Las Vegas High School place kicker Jay Mattox is shown during practice at the school Wednesday, Jan. 25, 2012.  At a competition last week against 200 other kickers for the class of 2013, Mattox ranked in the top 12. Launch slideshow »

Senior Kicker Jay Mattox

Senior kicker Jay Mattox talks about the upcoming football season

Las Vegas High senior Jay Mattox was rated as one of the nation’s top placekickers for the class of 2013 for the past two years.

Yet, each college coach who recruited him had a similar sales pitch: “We’d love you to walk on.”

That all changed in late January when new UTEP coach Sean Kugler paid a visit. The Miners offered him a scholarship, and after taking a recruiting visiting this past weekend, Mattox knew he had found a college home.

Mattox verbally committed Tuesday and will receive a full scholarship. Several programs don’t issue kickers a scholarship — a fact Mattox painfully learned during the recruiting process.
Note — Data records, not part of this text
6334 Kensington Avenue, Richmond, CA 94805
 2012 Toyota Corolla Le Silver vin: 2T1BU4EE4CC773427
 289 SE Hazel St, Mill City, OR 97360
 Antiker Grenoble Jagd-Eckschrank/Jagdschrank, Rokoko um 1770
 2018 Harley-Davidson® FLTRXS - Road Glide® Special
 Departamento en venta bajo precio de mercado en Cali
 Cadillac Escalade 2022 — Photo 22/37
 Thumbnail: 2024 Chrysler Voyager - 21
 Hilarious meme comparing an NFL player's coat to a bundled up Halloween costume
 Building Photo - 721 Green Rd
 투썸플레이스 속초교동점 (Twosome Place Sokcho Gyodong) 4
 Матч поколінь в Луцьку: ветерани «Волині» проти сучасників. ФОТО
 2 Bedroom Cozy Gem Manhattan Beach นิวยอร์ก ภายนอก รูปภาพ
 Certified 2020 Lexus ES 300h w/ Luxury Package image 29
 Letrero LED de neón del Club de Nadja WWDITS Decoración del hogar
“Coach Thurman (James, the Las Vegas coach) would always tell me that if I was a running back or wide receiver ranked that high I would have 15 offers,” Mattox said.

Mattox had been rated as one of the top-10 kickers for his graduating class by Chris Sailer Kicking, but saw his ranking drop to No. 17 in the past month when other kickers committed to colleges. Some, however, went as preferred walk-ons and received little scholarship money.

That makes Mattox one of the fortunate ones.

“Coach Kugler told me how coaches don’t like to pay for kickers (to be on scholarship), but they still need them,” Mattox said.

Mattox picked UTEP over preferred walk-on offers at UNLV and BYU. Both schools would have considered issuing him a scholarship later in his career.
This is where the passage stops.